→ **PROBLEM DESCRIPTION**
All of the records must be repeated exactly.

[Recorded data]
++++

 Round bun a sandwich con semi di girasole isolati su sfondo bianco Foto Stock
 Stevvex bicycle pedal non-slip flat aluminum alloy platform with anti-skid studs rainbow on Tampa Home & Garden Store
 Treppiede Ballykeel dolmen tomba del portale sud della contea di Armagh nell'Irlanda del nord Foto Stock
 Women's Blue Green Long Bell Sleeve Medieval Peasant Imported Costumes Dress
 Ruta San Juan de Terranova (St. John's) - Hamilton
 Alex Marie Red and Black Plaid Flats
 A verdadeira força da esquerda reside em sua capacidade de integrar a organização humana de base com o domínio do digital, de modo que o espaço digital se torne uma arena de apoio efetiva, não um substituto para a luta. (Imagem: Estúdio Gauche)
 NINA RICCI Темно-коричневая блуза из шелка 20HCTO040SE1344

++++

→ **ANSWER FOR THIS EXERCISE**
 Round bun a sandwich con semi di girasole isolati su sfondo bianco Foto Stock
 Stevvex bicycle pedal non-slip flat aluminum alloy platform with anti-skid studs rainbow on Tampa Home & Garden Store
 Treppiede Ballykeel dolmen tomba del portale sud della contea di Armagh nell'Irlanda del nord Foto Stock
 Women's Blue Green Long Bell Sleeve Medieval Peasant Imported Costumes Dress
 Ruta San Juan de Terranova (St. John's) - Hamilton
 Alex Marie Red and Black Plaid Flats
 A verdadeira força da esquerda reside em sua capacidade de integrar a organização humana de base com o domínio do digital, de modo que o espaço digital se torne uma arena de apoio efetiva, não um substituto para a luta. (Imagem: Estúdio Gauche)
 NINA RICCI Темно-коричневая блуза из шелка 20HCTO040SE1344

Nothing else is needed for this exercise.